Crappy because a simple return NULL to the caller of the function
calling malloc() is the only manageable solution to recover from that
failture as only the caller or its caller will be able to win enough
memory to continue successfully.
Dealing with the failure "at point of failure" isn't inherently evil.
For example, if the calling code is trying to, oh, send a packet across
the network and the connection has failed, it might be nice if it tried
to re-establish the connection before giving up. Depends on the app, but
it's not a wholly unreasonable concept.
I *think* this is the guiding logic here; try to allocate, if it doesn't
work, try to recover, if you can't, bail.

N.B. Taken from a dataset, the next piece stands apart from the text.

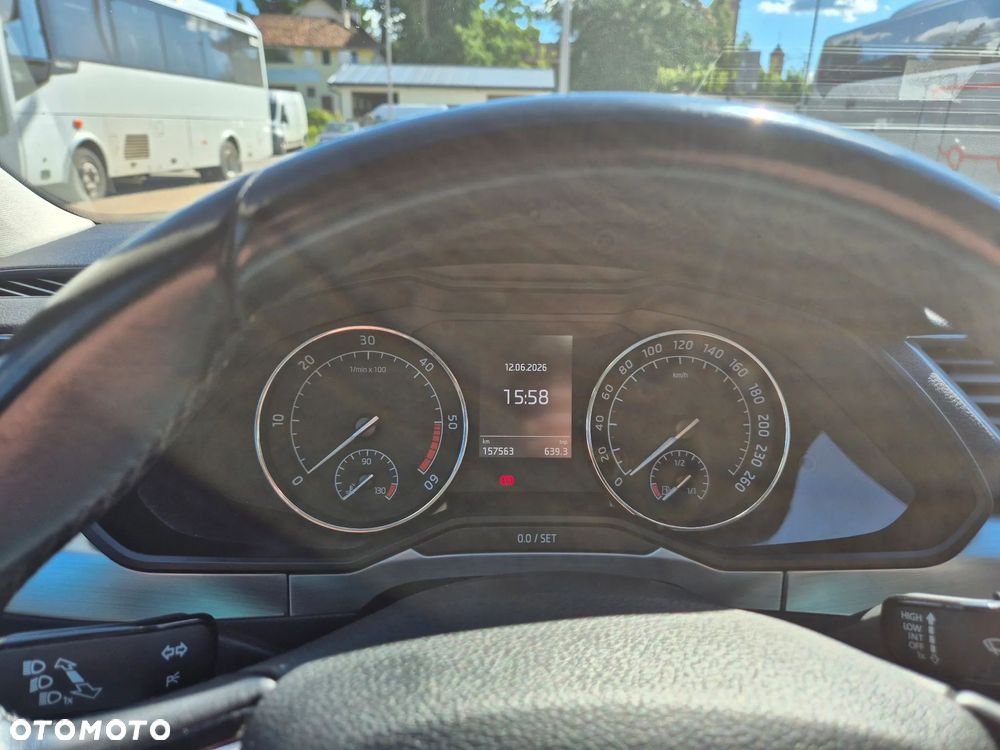 Skoda Superb 2.0 TDI Ambition DSG7 - 10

In terms of dealing with things "at point of failure", where you probably
have the best bet of actually coping with the problem, it's not so bad a
concept.
Where it becomes bad, for me, is that the failure strategy is to simply
throw in the towel, without giving the caller any chance to do anything
about the situation.
In an example I used elsewhere, if my word processor can't allocate
enough memory to load a fourth document, I have at least two options:
crash and burn, or simply accept I can only work with three documents
right now.
Crashing and burning is not so good if I have three documents open with
edits I'd like to keep; I'd much prefer simply getting a failure
indicator - such as NULL instead of a valid pointer - and coping with it
in the calling code. If nothing else, I can save the existing documents
before bailing.
No, it can not because loss of human life, loss of other goods may be
the consequence of simpy exit(). The only who knows to handle the
unabiltity of malloc() is the caller or its parent of malloc().
....
exit() is forbidden because it will left much devices in an unmaintend
state, like
switches open, signals set, pumps pumping, rockets firing, gates opened,
filters passing, firing the 3. WWW up, .....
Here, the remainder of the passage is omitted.